▶ [THE PROBLEM]: Within the records that follow, restate exactly the lines from the line with "Localisation Brantome - 24310" down to the line with "Handmade Natural Acacia", including both. Omit the pictures.

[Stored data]
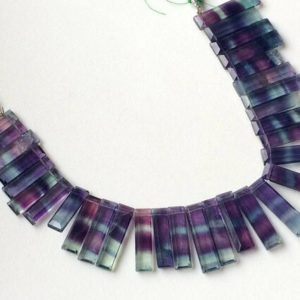 Shop Fluorite Bead Shapes! 18-22mm Fluorite Fancy Faceted Sticks, Natural Multi Fluorite Rectangle Beads, Fluorite Statement Layout For Necklace (4IN To 8IN  Options) | Natural genuine other-shape Fluorite beads for beading and jewelry making.  #jewelry #beads #beadedjewelry #diyjewelry #jewelrymaking #beadstore #beading #affiliate #ad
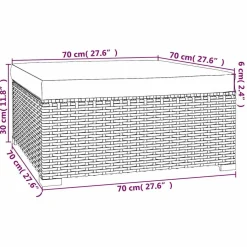 vidaXL Voetensteun met kussen 70x70x30 cm poly rattan zwart
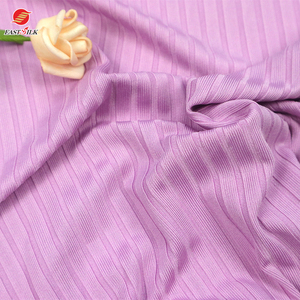 Chất Lượng Cao Tùy Chỉnh <span class=keywords><strong>Polyester</strong></span> Spandex 8*4 Sườn Đan Tái Chế Vải Bán Buôn Sọc Rộng Sườn Dệt Kim Jersey Vải Cho Dresses - Product Image 3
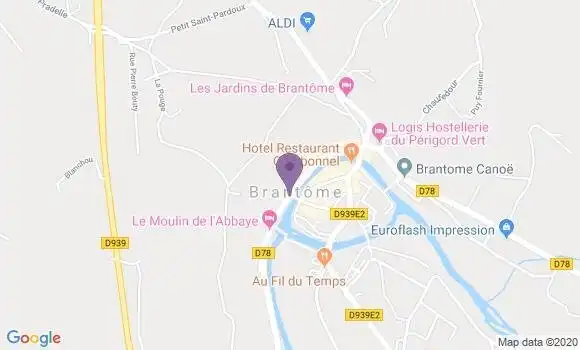 Localisation Brantome - 24310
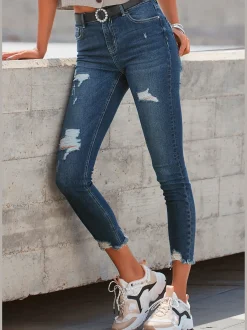 Jean effet déchiré jambes affinées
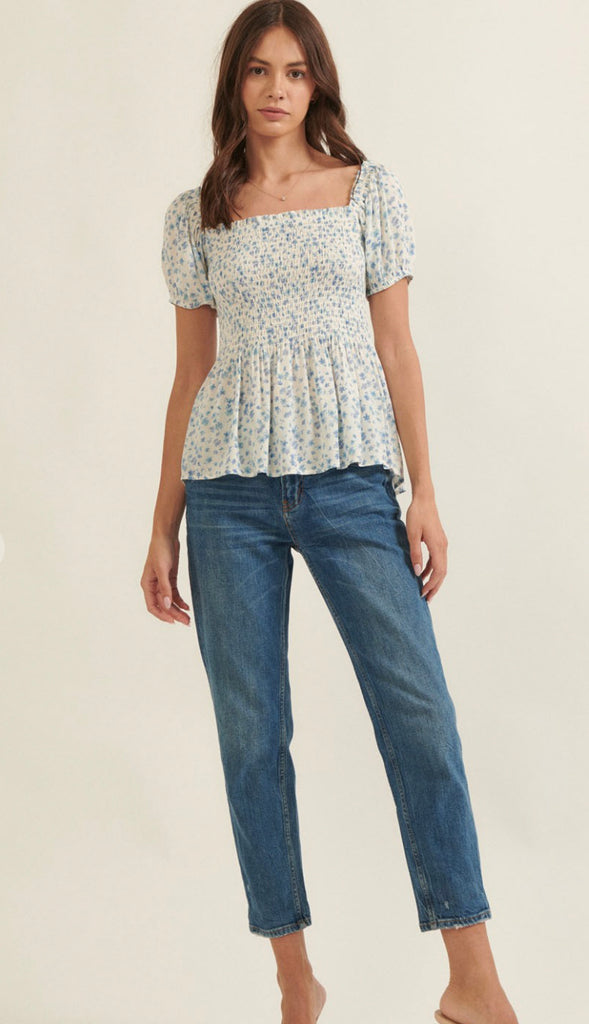 Reesa Floral Puff Sleeve Top- Yellow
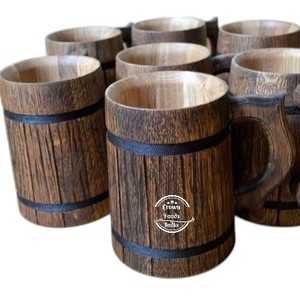 Handmade Natural Acacia Wood Disposable Eco-Friendly Coffee <b>Mug</b> Perfect Gift for Home or Outdoor Wedding Drinkware - Product Image 2
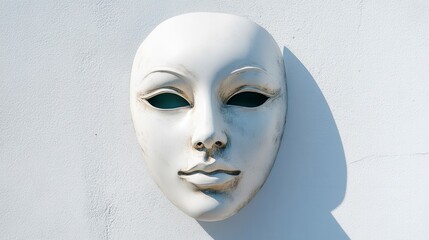 Elegant White Decorative Mask Against White Wall Showcasing Artistic Expression and Minimalist Design for Creative Projects and Inspirational Themes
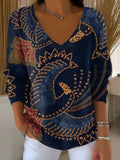Women's Floral Pattern Art Print Casual V-Neck Sweater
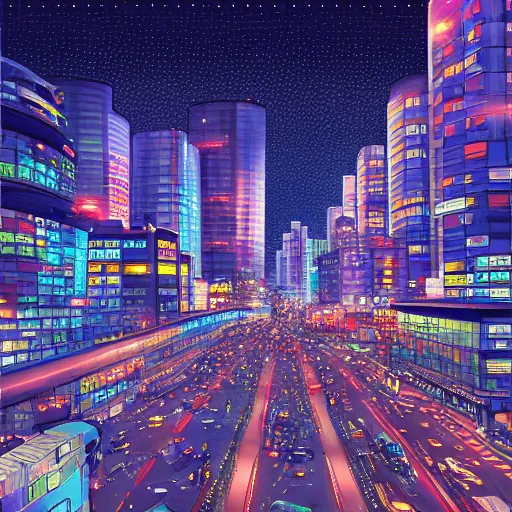 Image similar to modern beijing city view, crowd and traffic underneath the night sky, Anime style, Hyper detailed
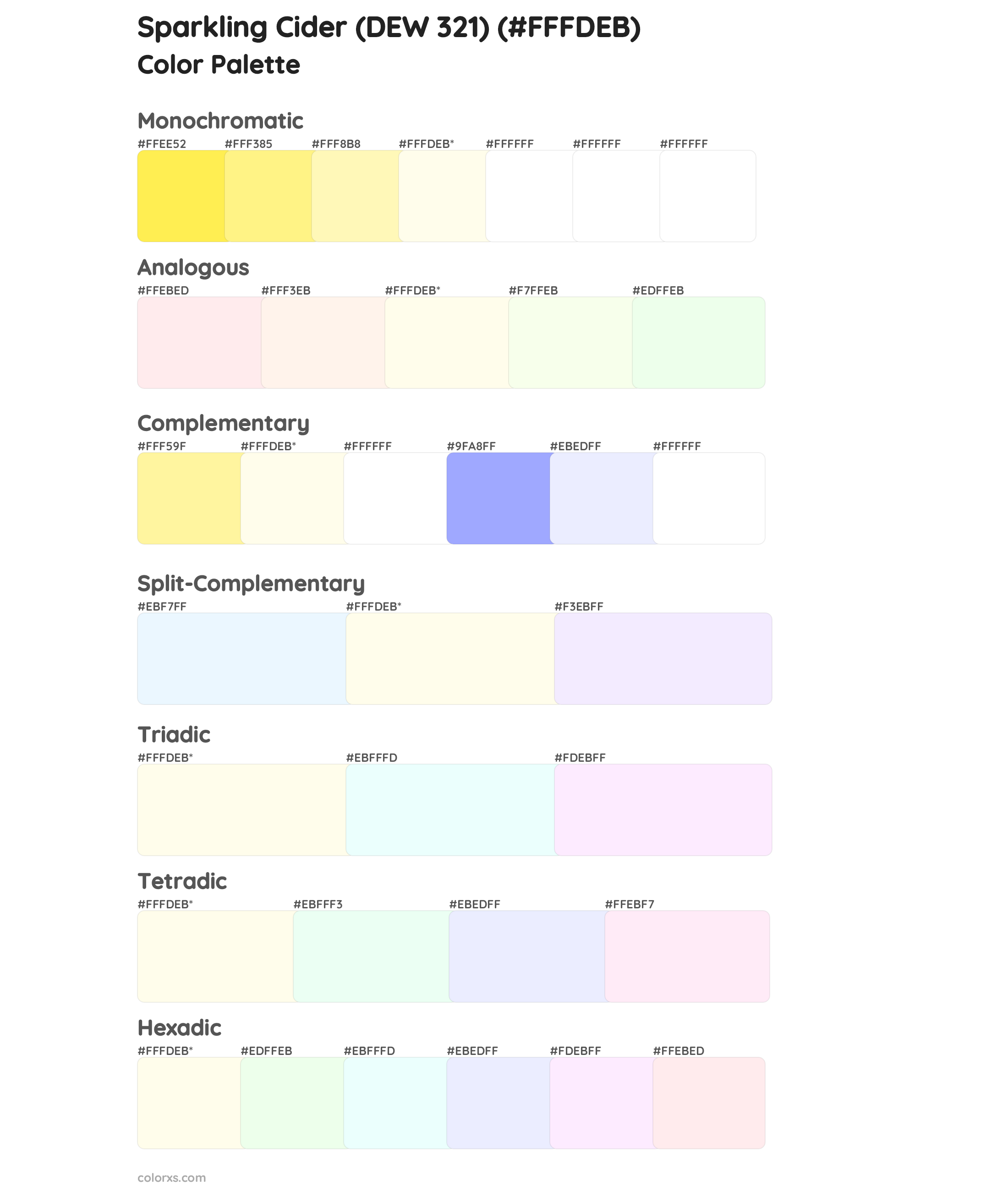 Sparkling Cider (DEW 321) Color Scheme Palettes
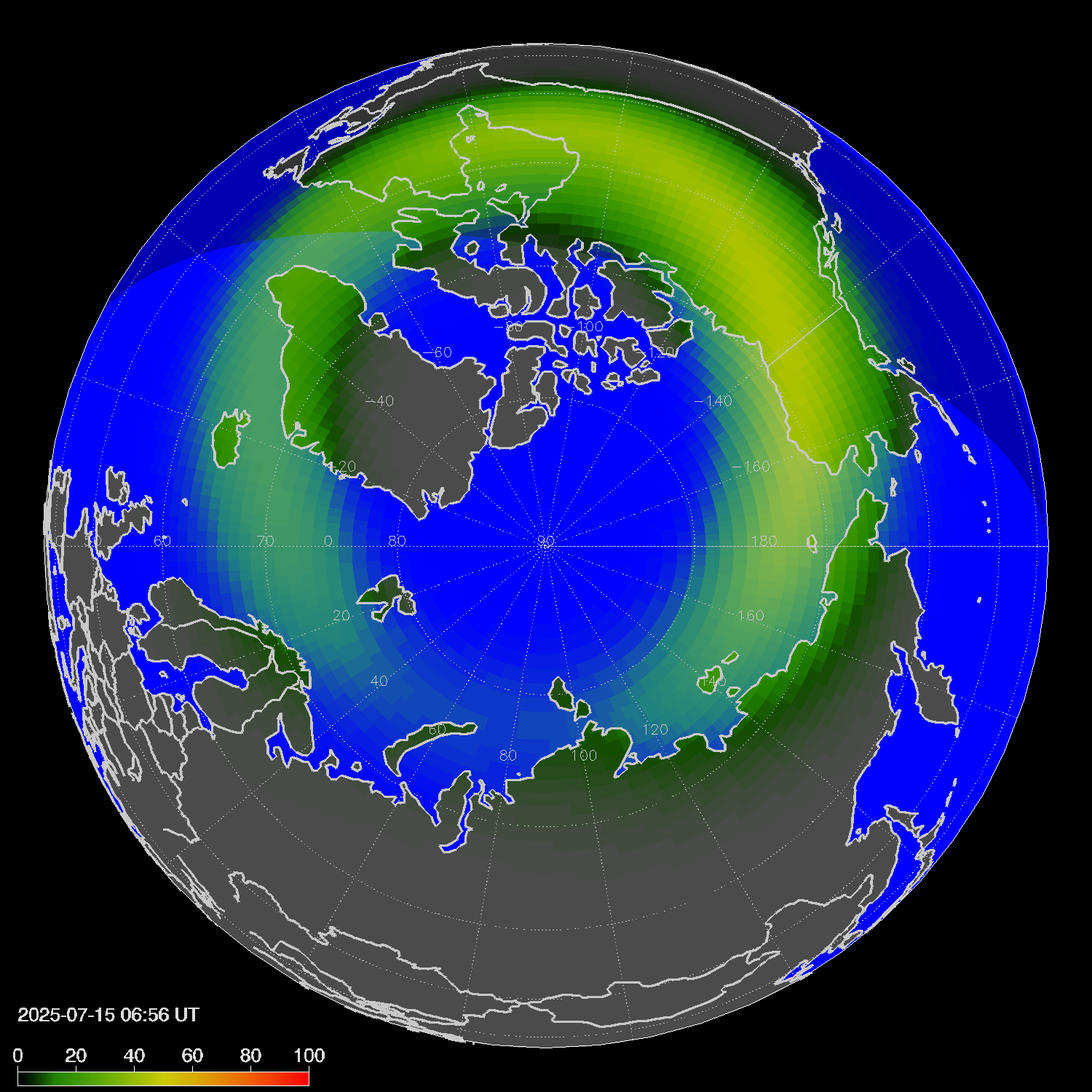Northern lights (auroras) in the northern hemisphere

▶ [FINISHED TASK]:
 Localisation Brantome - 24310
 Jean effet déchiré jambes affinées
 Reesa Floral Puff Sleeve Top- Yellow
 Handmade Natural Acacia Wood Disposable Eco-Friendly Coffee <b>Mug</b> Perfect Gift for Home or Outdoor Wedding Drinkware - Product Image 2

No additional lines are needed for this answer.